While this doesn’t get us logged in, it shows that that we can break, and therefore manipulate, the sql query. We also solve the challenge Error Handling: (Provoke an error that is not very gracefully handled.)
This is a very basic SQLi, that will get us logged in as the admin user. Password here can be anything.
Task 5 - Broken Authentication
- Reset Jim’s password using the forgotten password mechanism - what was the answer to the secret question?
Looking at our admin account, we see the email syntax is user@juice-sh.op. If we log out of admin and go to the forgot password page, the email jim@juice-sh.op let’s us see the security question for Jims account.
Your eldest siblings middlename?
Actually deciphering the answer to this question is trickey and requires searching through the applications for hints left by Jim.
I managed to log in as Jim with a SQLi:
jim@juice-sh.op' /*
However I had to look up the answer to the security question. (I have never seen Star Trek)
- What is the administrator password?
For this question, it is probably easier to guess until you get it, or use a a very basic wordlist with burp intruder. However, I am an idiot and couldn’t guess it, and intruder is limited unless you have a license for the pro version of burp. (Note to learn ZAP)

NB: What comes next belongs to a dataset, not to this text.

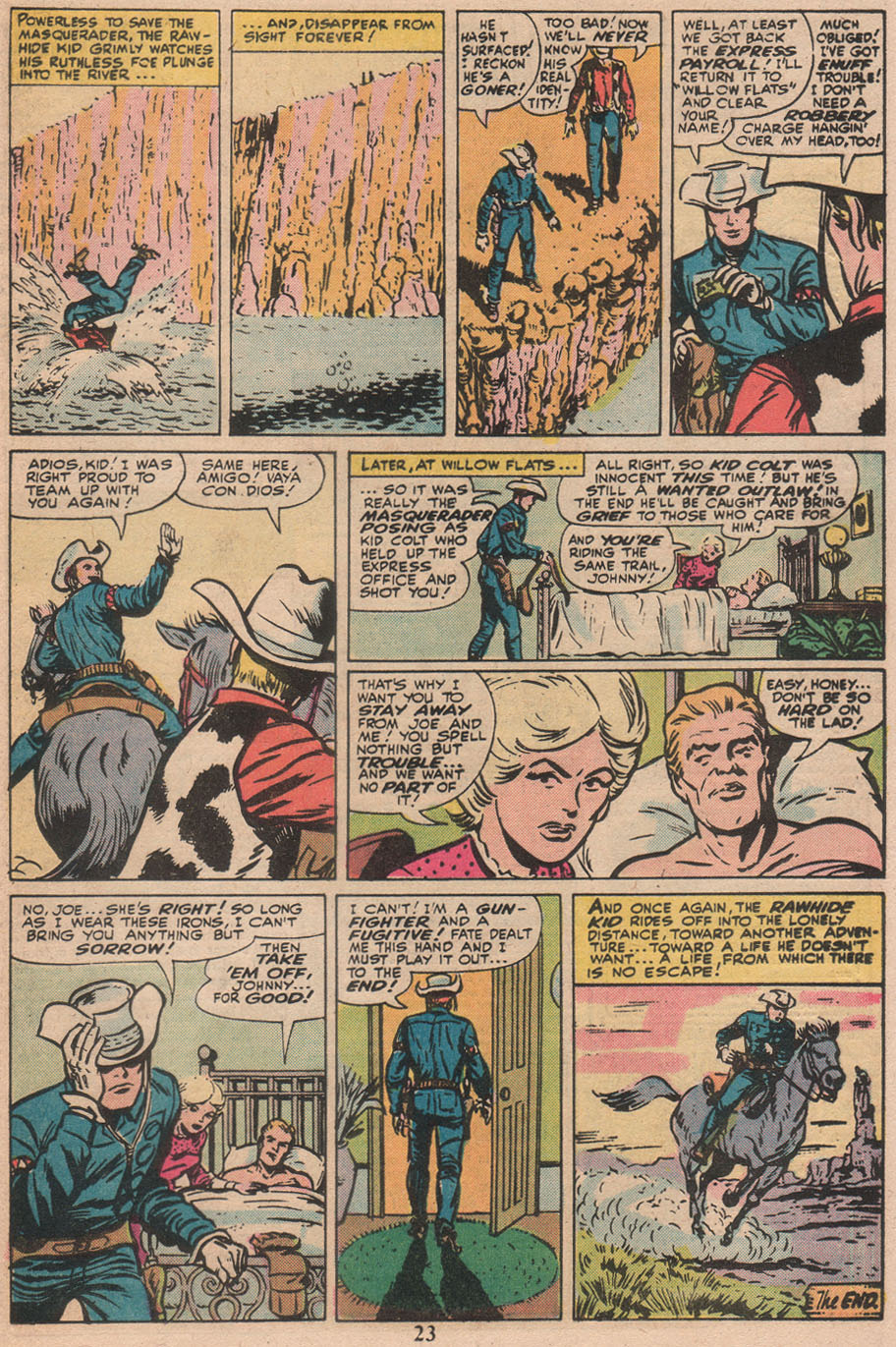 Read online The Rawhide Kid comic -  Issue #120 - 25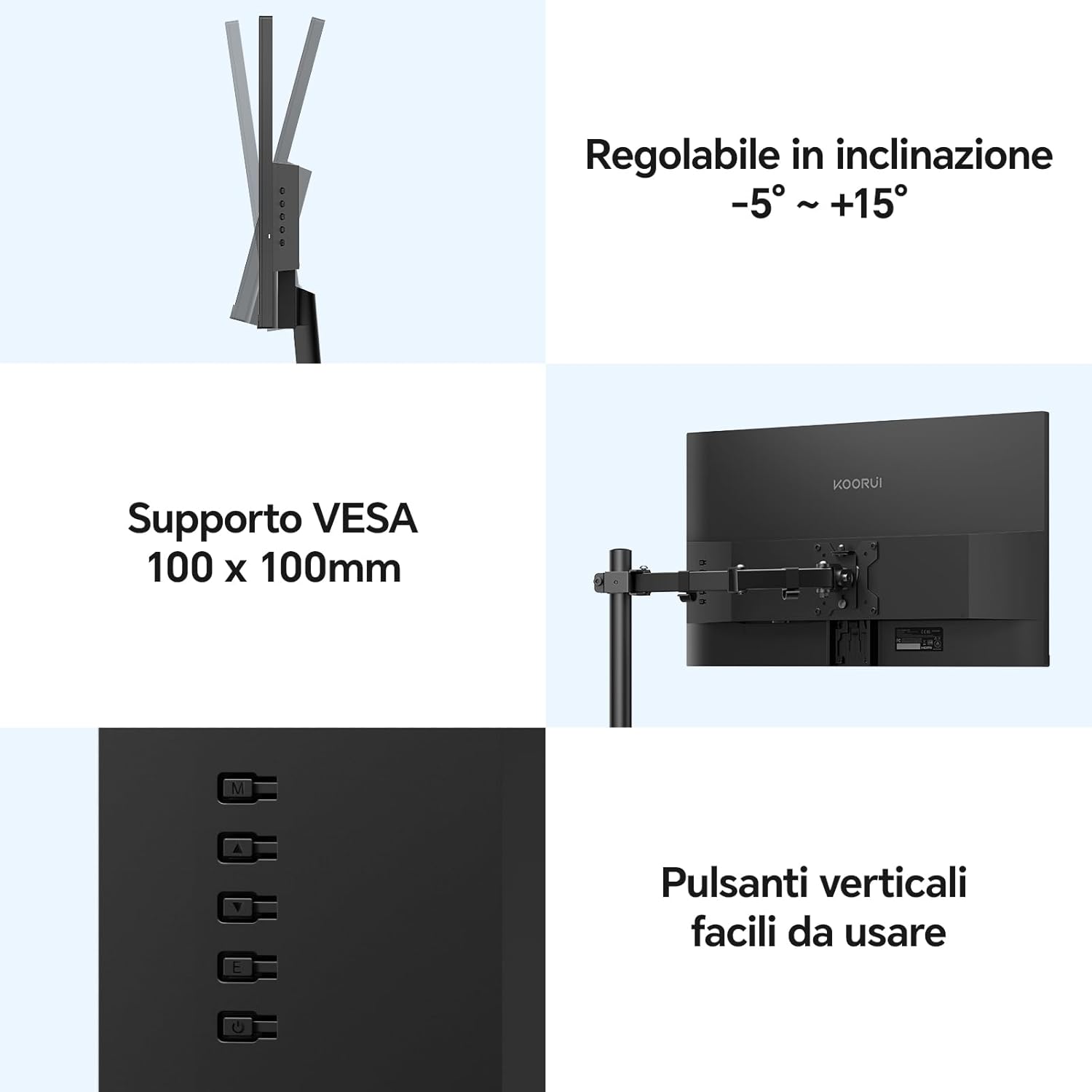 Koorui E2412F Monitor PC 24 pollici Full HD VA - immagine 8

While mucking around on the site, you will notice rest api calls being made. One such endpoint is
http://10.10.118.46/rest/product/search?q=test
You can perform a sqli here with the syntax
http://10.10.118.46/rest/product/search?q=test’)) union select * from users;–
We can see from normal use of the endpoint that the returned table has 8 collumns (‘id’, ‘name’, ‘description’, ‘price’, ‘image’, ‘createdAt’, ‘updatedAt’, ‘deletedAt’)
http://10.10.118.46/rest/product/search?q=test’)) union select ‘id’, ‘name’, ‘description’, ‘price’, ‘image’, ‘createdAt’, ‘updatedAt’, ‘deletedAt–
From here we can dump whatever we want from the database presuming we know the table and collumn names. From the previous test, we at least know that the users table exists.
http://10.10.118.46/rest/product/search?q=test’)) union select ‘id’, ‘name’, ‘description’, ‘price’, ‘image’, id, email, password from users–
So our admin password hash is:
0192023a7bbd73250516f069df18b500
See below for the wordlist used if your having trouble cracking it. (or try crackstation)
BONUS
Seeing MD5 (unsalted!) for password hashing is strange. If you look on the scoreboard you can find a challenge called wierd crypto that refferences notifying the site admins of this security flaw.
We can also complete the Devestating Review challenge by giving them a zero start review in this same comment submission. Just intercept with burp and alter the rating to be 0.
Task 6 - Sensitive Data Exposure
- Access a confidential document and enter the name of the first file with the extension “.md”
If you make an order on the site, the order confirmation is shown in your browser as a pdf. It is being served from a /ftp/ directory. We can navigate here and discover local files stored on the server in this directory.
Task 7 - Broken Access Control
- Access the administration section of the store - What is the name of the page?
Like the hint says, search the js code for “Admin”.
- Access someone else’s basket
Change the basket id (in session storage) using developer tools.
- Get rid of all 5 star customer feedback
Use the admin page from question 1. The admin gave his own site a 5-star review, delete to complete the challenge.
Task 8 - Cross Site Scripting (XSS)
- Carry out reflected XSS using Tracking Orders.
Payload is
<iframe src="javascript:alert(`xss`)">
- Carry out XSS using the Search field?
The same exact method can be used in the search field to perform reflected xss.